Brief descriptive captions

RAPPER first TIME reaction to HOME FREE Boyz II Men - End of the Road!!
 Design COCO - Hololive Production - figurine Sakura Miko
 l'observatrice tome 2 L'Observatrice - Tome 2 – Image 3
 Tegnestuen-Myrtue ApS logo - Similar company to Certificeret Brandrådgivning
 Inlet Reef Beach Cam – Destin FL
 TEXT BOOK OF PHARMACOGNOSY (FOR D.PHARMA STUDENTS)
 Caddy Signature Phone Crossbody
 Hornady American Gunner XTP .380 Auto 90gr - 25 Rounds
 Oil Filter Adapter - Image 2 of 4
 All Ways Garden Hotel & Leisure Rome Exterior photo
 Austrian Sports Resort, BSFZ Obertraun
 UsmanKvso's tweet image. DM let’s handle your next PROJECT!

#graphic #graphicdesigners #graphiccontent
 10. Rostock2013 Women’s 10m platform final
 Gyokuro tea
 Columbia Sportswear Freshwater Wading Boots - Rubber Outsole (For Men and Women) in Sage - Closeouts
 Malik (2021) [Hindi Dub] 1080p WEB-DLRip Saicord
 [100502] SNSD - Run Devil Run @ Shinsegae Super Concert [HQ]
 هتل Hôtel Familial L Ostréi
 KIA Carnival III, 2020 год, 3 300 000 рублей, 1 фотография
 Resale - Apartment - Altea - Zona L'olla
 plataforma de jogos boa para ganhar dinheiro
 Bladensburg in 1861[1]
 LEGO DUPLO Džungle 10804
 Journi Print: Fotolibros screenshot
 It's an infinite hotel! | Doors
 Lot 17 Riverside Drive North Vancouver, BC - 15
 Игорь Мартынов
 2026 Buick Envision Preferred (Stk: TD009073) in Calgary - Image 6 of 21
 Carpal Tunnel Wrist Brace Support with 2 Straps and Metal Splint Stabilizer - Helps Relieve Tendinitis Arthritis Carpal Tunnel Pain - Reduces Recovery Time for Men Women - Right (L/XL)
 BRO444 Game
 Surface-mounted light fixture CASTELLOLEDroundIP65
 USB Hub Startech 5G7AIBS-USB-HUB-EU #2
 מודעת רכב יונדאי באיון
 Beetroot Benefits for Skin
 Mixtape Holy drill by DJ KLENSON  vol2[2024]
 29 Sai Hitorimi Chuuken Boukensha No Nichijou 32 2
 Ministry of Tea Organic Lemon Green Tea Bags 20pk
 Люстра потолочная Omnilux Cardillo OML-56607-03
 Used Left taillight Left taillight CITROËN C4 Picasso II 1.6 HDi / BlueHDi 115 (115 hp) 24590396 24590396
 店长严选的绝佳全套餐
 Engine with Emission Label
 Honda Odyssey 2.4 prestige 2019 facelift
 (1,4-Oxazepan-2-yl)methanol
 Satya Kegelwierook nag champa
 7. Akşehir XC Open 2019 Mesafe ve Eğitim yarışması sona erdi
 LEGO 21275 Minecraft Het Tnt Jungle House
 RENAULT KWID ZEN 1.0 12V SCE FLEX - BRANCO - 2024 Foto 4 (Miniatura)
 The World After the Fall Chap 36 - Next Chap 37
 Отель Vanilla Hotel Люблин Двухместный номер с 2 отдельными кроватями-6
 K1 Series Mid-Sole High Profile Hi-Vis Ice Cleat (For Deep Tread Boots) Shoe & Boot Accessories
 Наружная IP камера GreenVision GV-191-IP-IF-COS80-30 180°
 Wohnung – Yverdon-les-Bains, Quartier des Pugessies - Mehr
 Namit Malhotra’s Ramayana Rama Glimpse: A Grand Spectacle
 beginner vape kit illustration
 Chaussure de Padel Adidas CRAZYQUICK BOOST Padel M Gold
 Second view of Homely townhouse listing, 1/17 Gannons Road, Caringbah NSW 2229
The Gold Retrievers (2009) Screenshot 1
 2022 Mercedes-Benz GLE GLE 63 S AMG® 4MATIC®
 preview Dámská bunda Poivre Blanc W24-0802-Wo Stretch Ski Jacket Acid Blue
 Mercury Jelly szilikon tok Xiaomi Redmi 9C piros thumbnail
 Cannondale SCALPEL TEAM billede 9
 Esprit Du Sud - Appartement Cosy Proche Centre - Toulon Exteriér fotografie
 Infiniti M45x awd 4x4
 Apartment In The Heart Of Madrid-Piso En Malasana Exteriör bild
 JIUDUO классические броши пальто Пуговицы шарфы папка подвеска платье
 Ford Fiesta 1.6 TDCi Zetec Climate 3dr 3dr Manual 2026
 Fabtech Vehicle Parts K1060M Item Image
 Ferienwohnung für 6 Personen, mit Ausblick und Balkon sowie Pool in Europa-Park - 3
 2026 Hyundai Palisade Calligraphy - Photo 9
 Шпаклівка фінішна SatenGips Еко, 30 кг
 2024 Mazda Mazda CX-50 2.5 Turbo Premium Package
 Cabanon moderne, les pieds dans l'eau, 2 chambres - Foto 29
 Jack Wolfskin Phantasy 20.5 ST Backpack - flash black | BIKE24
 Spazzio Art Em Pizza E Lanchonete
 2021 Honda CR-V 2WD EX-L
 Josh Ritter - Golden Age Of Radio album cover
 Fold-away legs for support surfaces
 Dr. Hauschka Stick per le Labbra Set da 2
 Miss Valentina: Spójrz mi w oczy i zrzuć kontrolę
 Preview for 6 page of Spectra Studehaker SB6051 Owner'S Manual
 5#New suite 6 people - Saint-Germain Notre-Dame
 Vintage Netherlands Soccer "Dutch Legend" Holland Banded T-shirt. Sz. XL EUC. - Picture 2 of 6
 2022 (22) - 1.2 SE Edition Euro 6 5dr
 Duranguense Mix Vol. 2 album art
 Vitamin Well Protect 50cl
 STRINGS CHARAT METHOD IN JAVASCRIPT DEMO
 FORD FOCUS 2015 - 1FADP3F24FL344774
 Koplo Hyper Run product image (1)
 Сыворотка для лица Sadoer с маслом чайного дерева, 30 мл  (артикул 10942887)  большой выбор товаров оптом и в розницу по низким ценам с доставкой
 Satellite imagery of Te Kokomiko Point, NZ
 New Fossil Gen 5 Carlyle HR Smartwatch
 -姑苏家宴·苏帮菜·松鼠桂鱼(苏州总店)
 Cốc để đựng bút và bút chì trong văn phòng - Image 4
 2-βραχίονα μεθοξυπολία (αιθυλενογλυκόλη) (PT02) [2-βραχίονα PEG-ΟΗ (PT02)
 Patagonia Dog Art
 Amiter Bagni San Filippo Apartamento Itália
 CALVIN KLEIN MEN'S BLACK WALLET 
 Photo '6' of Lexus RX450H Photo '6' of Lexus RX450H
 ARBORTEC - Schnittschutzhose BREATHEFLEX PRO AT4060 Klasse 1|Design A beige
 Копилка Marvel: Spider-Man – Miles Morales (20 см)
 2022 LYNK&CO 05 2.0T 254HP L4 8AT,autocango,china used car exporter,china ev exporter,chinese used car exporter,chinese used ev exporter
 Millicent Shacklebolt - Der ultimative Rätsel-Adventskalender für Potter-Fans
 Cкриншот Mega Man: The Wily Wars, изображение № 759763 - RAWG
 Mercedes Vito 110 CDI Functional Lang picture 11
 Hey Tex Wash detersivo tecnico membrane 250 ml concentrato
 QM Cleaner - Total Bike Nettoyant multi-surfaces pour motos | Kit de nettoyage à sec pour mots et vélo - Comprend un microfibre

About this task: Your answer should consist solely of the lines above from the line with "Fold-away legs for support surfaces" to the line with "5#New suite 6", both included, reproduced exactly.

Solution for this exercise:
 Fold-away legs for support surfaces
 Dr. Hauschka Stick per le Labbra Set da 2
 Miss Valentina: Spójrz mi w oczy i zrzuć kontrolę
 Preview for 6 page of Spectra Studehaker SB6051 Owner'S Manual
 5#New suite 6 people - Saint-Germain Notre-Dame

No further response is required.